Thomas R. Harkin, retired U.S. senator and senior adviser at Harkin Institute for Public Policy and Citizen Engagement, said the next president and Congress would be remiss if they did not address the retirement crisis head on in a keynote speech Monday at the Pensions & Investments' Global Future of Retirement Conference in Washington.
Mr. Harkin addressed what he called the “most underreported crisis of our time,” the necessity to strengthen the three legs of the retirement stool: Social Security, private pensions and savings. With people living longer and not able to save adequately for retirement, “if we don't change course, the retirement crisis is going to get worse and worse.”
Mr. Harkin said half of Americans have less than $10,000 in savings, and among Americans between the ages of 40 and 55, the average retirement account balance is only $14,500.
“We need to turn our attention sooner rather than later to solving this retirement crisis, and the sooner we start, the better it's going to be for us all,” Mr. Harkin said.
Among the proposals that could potentially address inadequate savings among Americans is an expansion of Social Security, which he noted provides more than 90% of the income for one out of every three retirees in the U.S.
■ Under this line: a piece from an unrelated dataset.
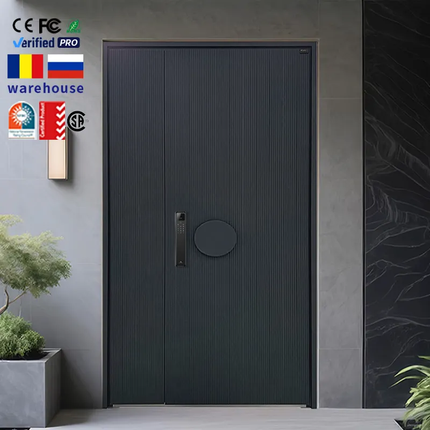 Denun Austria Modern Aluminum Alloy Steel Aluminum Stainless Amazing Door Panel Design Hot Sale Entrance Entry Solid Pivot Door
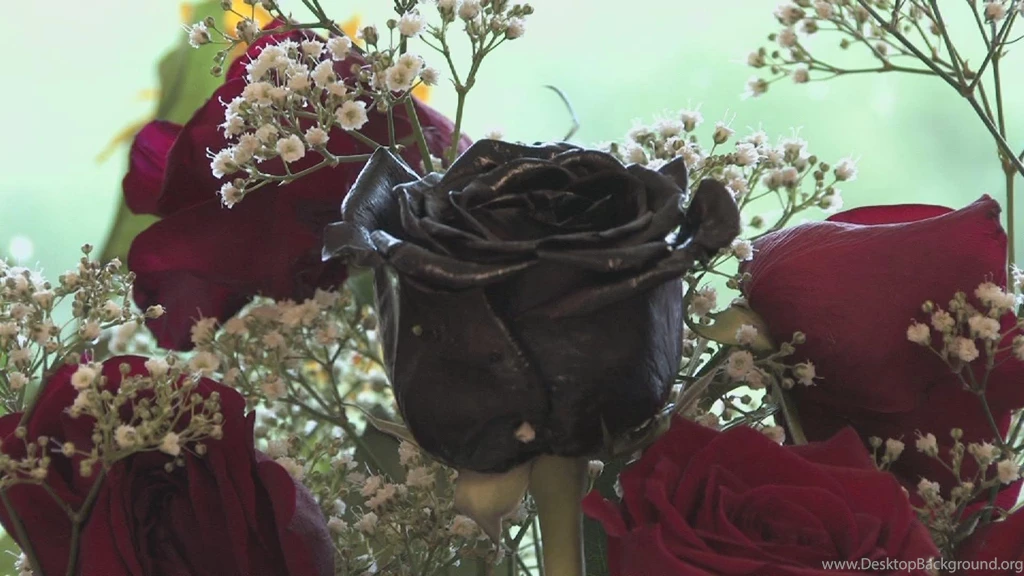 Black Rose   Roses Wallpapers (11560704)   Fanpop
“That can be done in a fiscally responsible way and fully paid for,” Mr. Harkin said. One way, he said, to further fund the Social Security trust would be to “redefine” earned income, and one way to do that would be to add a small Social Security tax to capital gains.
Mr. Harkin did note that while expansion is a common-sense solution, “we just can't rely on Social Security to fill this gap in the future.”
He noted his own Universal, Secure and Adaptable Retirement Funds legislation before he retired, in which employers that do not offer defined benefit plans or 401(k) plans to their employees would be required to enroll in privately run plans.
He praised several states like California, Illinois, Maryland and Oregon, which have passed their own Secure Choice plans that would provide retirement plans for employees who would otherwise not be covered.
Mr. Harkin noted, however, that he believes this is not a crisis that can be addressed only by states.
“I would hasten to add,” he said, “this requires a federal, national commitment. Most investment firms would not want to be looking at 50 different plans and how you would invest in 50 scattered plans around the country.”
He said he hopes more states passing this kind of legislation will “push the federal government to act and do something to make sort of a national type of system.”